Congenital Diaphragmatic Hernia (CDH) - John's Story


I had a normal pregnancy (my second one) and my 20 week ultrasound showed I was having a healthy baby girl. I went into labor 2 weeks early and I was admitted to hospital to have my scheduled c-section (because i delivered c-section with my first child). First shock was that my baby was not a girl, second shock was when they cut the umbilical cord, my baby turned purple. Luckily the neonatologist knew what was wrong and X-rays confirmed LCDH.

John was stabilized and transported less than a mile via ambulance to University of KY Children’s, where I was transported later that day. He’s repair surgery was 10 days later. Two more repairs were required due to him reherniating. All repairs were done within the first year. We spent 50 days in the NICU and came home on O2. We battled reflux and was again operated around 4 months old for a Nissen and a Mickey insertion.


We flew him to Boston children’s hospital to undergo a surgery to close an ASD. We battled RSV (twice). The second time was when he was 3 and we almost lost him. In fact, he was granted a Make-a-wish (trip to Disney) after he won the RSV battle. We have battled ph since birth and still do to this day, 19 years later.

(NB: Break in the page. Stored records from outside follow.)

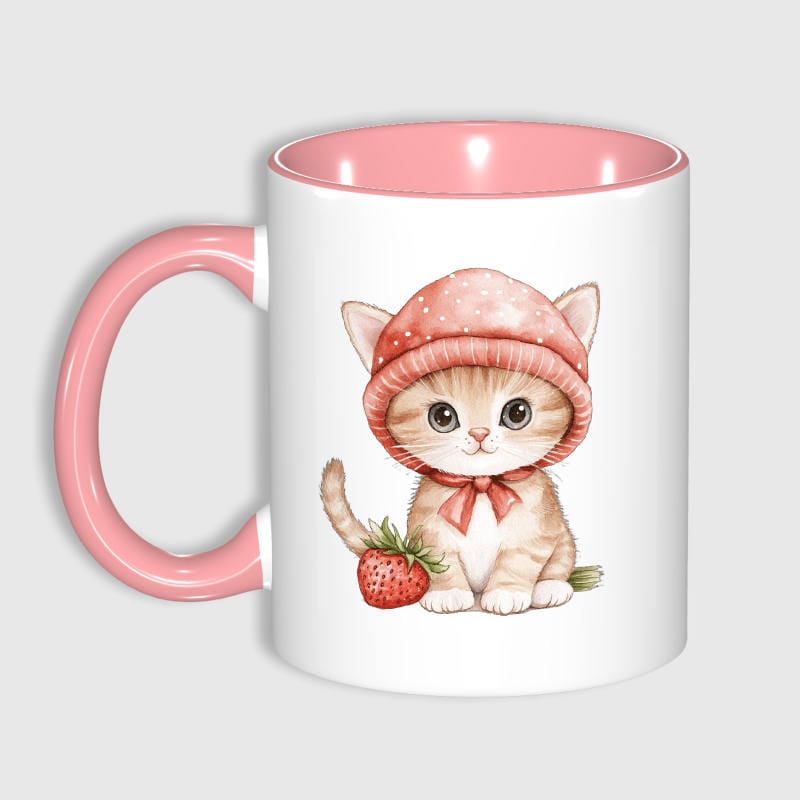 Cute Strawberry Cat 11oz Mug for Cat Lovers Birthday Gift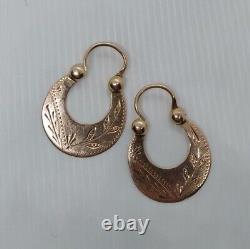 Rare Antique Impérial russe en or rose 56 14K Boucles d'oreilles Bijoux pour femmes Fait main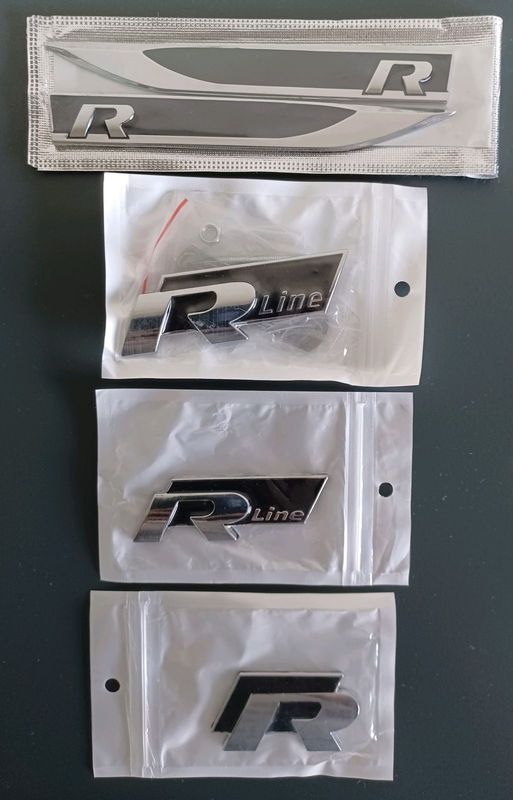 VW R and R Line badges emblems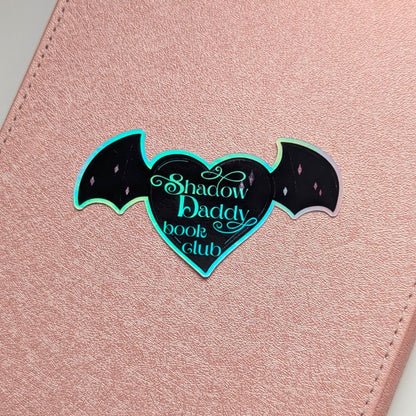 Shadow Daddy Book Club Holographic Sticker | Xaden Riorson Fourth Wing Fan Gift, Bat Wings Heart Bookish Sticker, Romantasy Kindle Laptop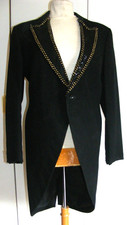 Vintage black tailcoat morning coat modified for stage black gold sequins 42"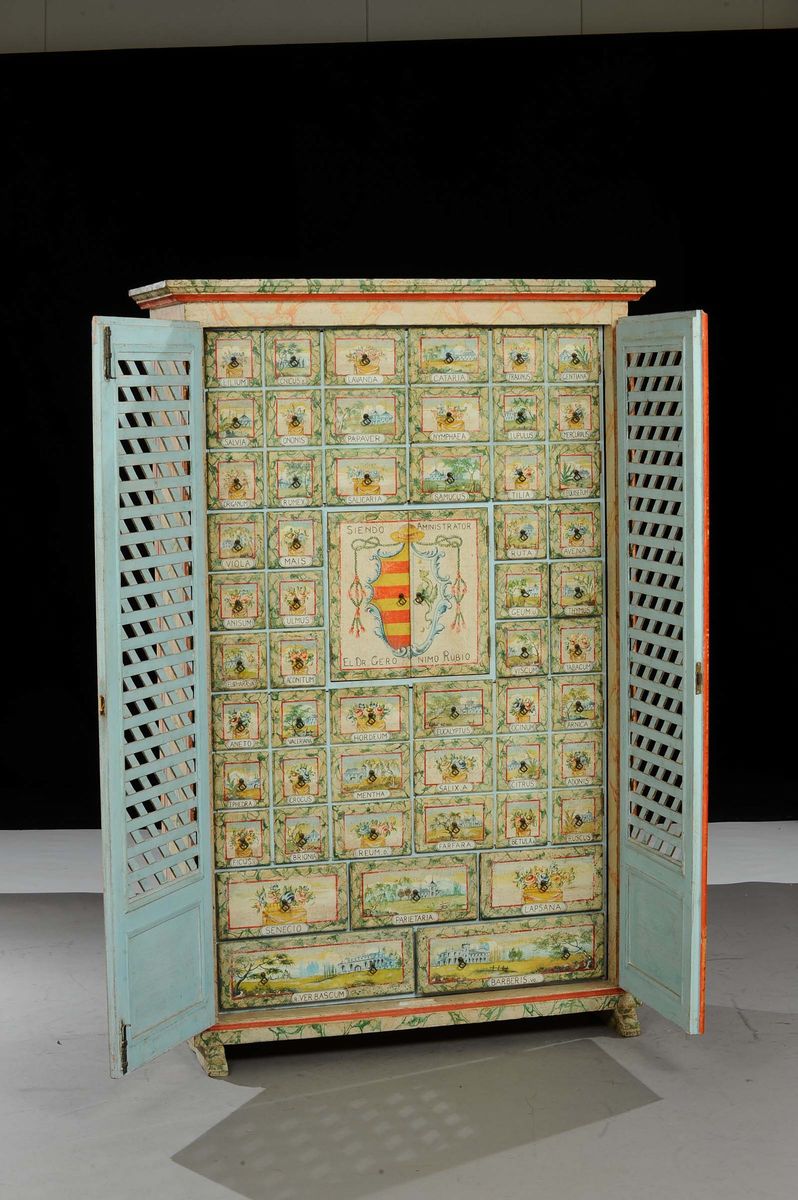 Armadio da Erboristeria in Legno Laccato, Spagna 1950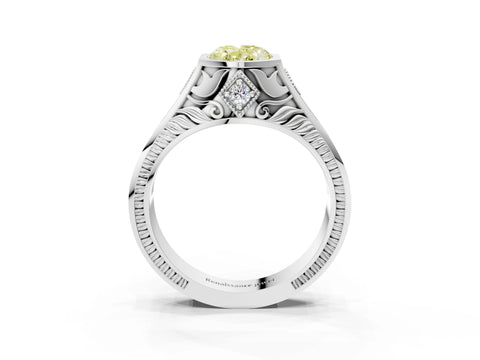 Silver Hexagonal Bezel Fancy Yellow Oval Cut Diamond Engraved Band Prong Ring_15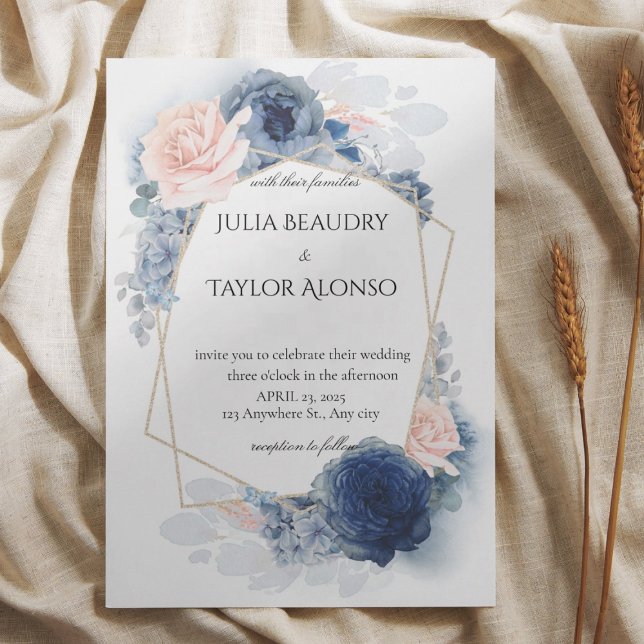 Navy Blue Geometric Floral Wedding Invitation (Creator Uploaded)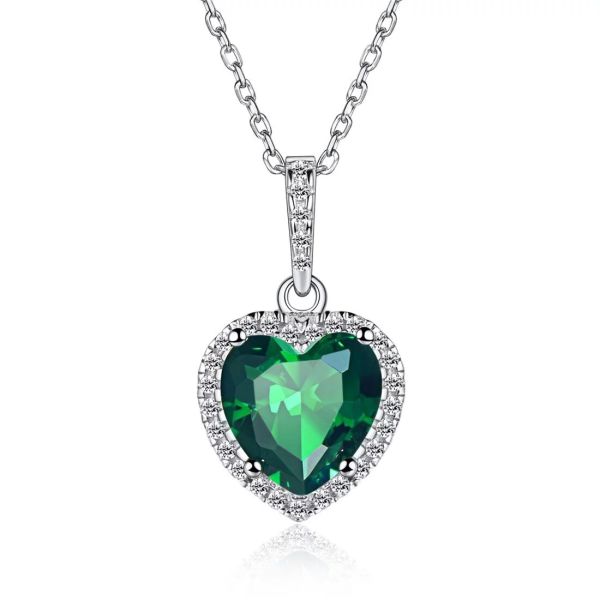 Chic Silver 925 Sterling Silver Heart Pendant Necklace Simulated Emerald Birthstone Necklace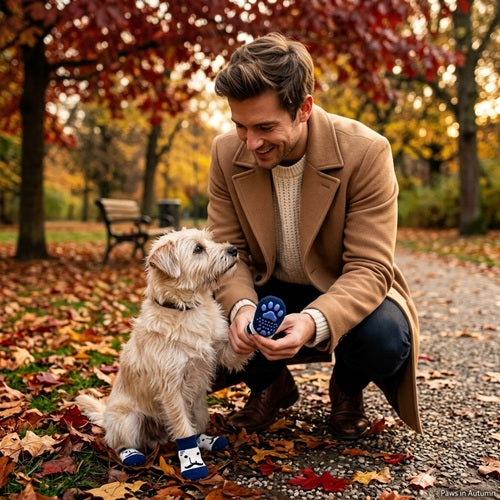 Chaussette chien bleue blanche avec maître dans parc en automne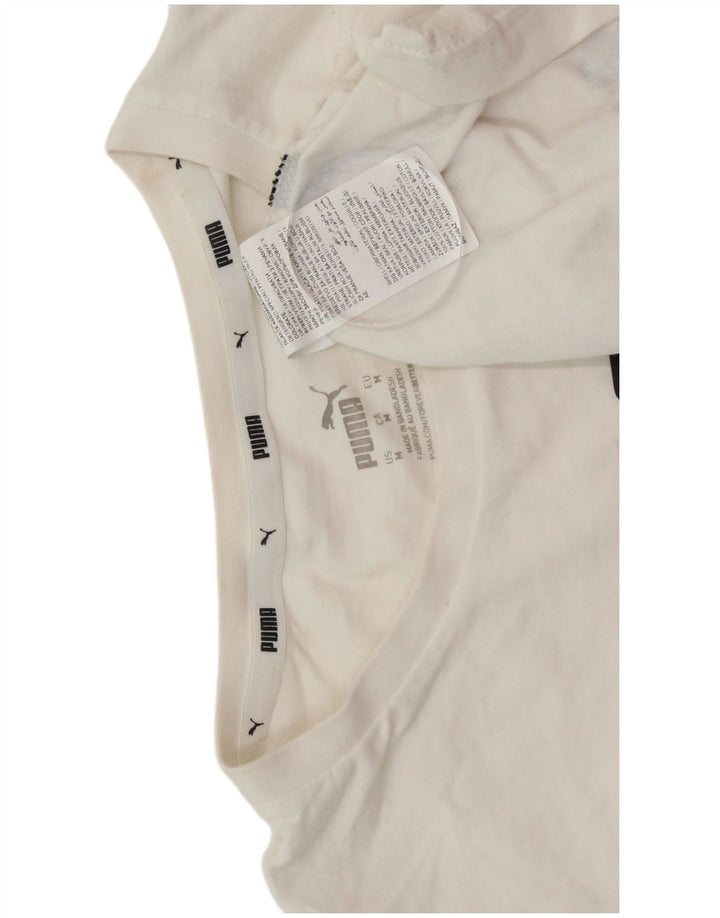 PUMA Mens Graphic T-Shirt Top Medium White Cotton
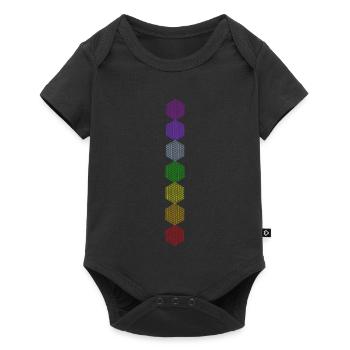 Fleur de Vie - 5ème Dimension - 7 Chakras - Body à manches courtes Premium Bébé - noir - Devant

When John was 9 he underwent surgery yet again for pectus excavating repair surgery. It was very successful and he was able to come off 3L of O2 after 9 years. The last 10 years, John has been truly lucky to live a “normal” life. He can’t play sports, and has recently been released from Cincinnati Children’s hospital and has acquired an ADULT Dr who will monitor his PH. He still has to take 3 different medications for PH that have helped to slow the progression of the disease. His dream is to one day be a sports broadcaster— and he is currently working for our local radio station selling ads and hopefully doing some broadcasting for them in the future. I realize not all CDH stories have happy endings and I am so very blessed and thankful to be his mom.